Task requirements:
Once you find the line below that has "Voxengo has announced", output it and every line after it exactly, stopping after the line that has "Welcome back to", with no pictures.

(Dataset excerpts)
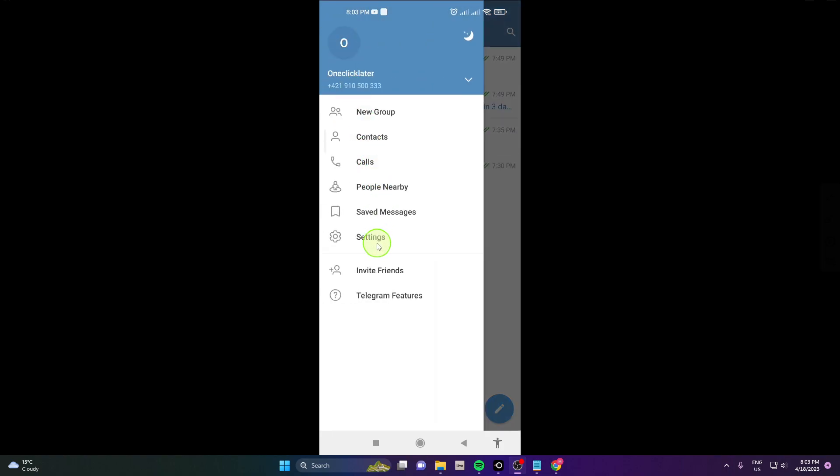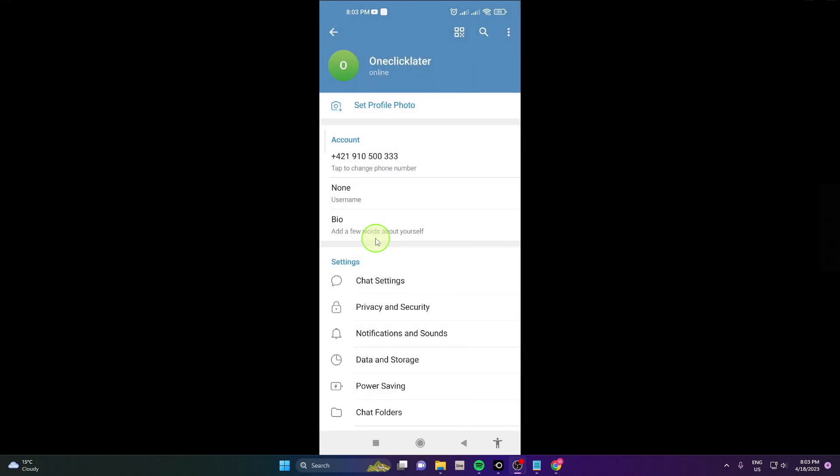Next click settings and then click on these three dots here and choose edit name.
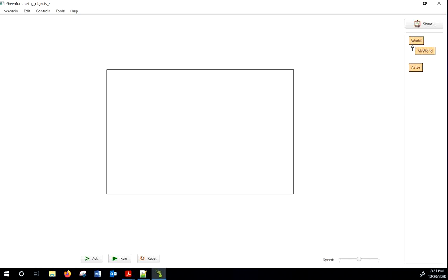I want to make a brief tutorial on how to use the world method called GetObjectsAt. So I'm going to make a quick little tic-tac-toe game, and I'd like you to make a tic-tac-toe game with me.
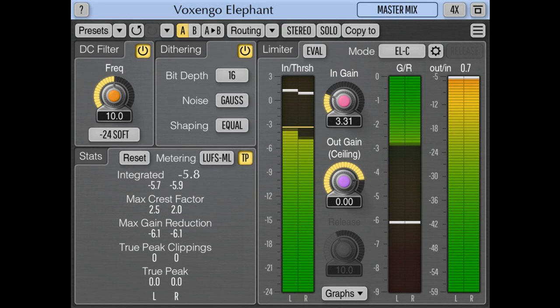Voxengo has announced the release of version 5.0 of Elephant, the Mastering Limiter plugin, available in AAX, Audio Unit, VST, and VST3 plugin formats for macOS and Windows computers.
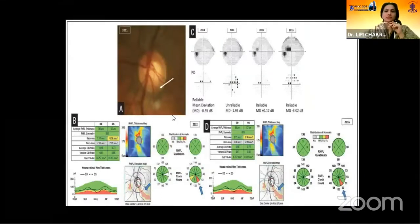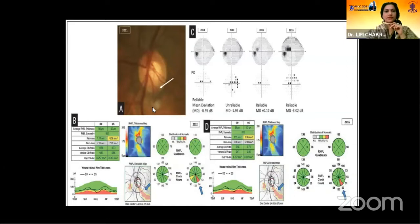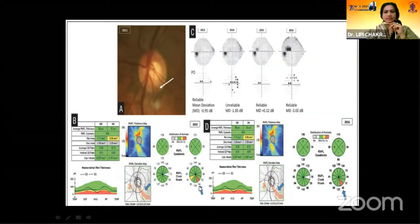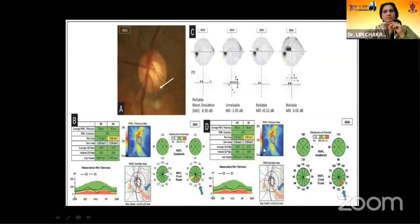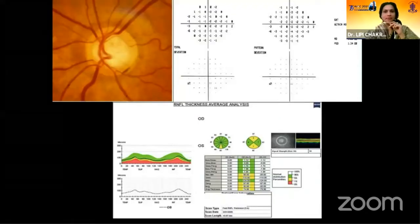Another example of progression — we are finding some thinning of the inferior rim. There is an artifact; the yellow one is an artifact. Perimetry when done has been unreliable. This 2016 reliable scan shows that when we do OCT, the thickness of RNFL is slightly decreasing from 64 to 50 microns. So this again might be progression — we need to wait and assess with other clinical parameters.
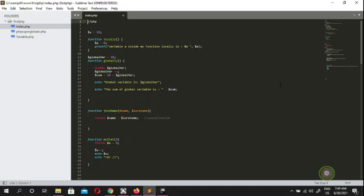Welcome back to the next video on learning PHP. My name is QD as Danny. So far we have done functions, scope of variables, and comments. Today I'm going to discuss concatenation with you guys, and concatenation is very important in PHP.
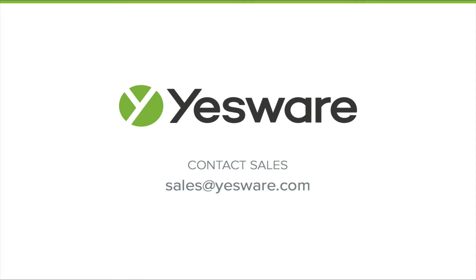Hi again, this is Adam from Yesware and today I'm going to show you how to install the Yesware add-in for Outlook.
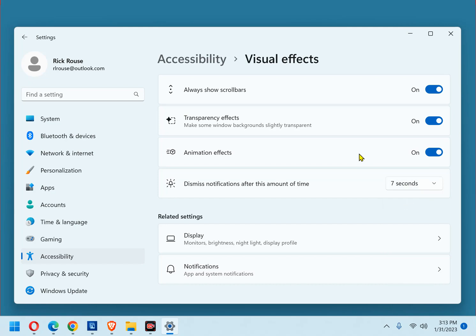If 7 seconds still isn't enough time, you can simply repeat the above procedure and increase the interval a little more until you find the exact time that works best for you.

Result of the exercise:
Voxengo has announced the release of version 5.0 of Elephant, the Mastering Limiter plugin, available in AAX, Audio Unit, VST, and VST3 plugin formats for macOS and Windows computers.
Another example of progression — we are finding some thinning of the inferior rim. There is an artifact; the yellow one is an artifact. Perimetry when done has been unreliable. This 2016 reliable scan shows that when we do OCT, the thickness of RNFL is slightly decreasing from 64 to 50 microns. So this again might be progression — we need to wait and assess with other clinical parameters.
Welcome back to the next video on learning PHP. My name is QD as Danny. So far we have done functions, scope of variables, and comments. Today I'm going to discuss concatenation with you guys, and concatenation is very important in PHP.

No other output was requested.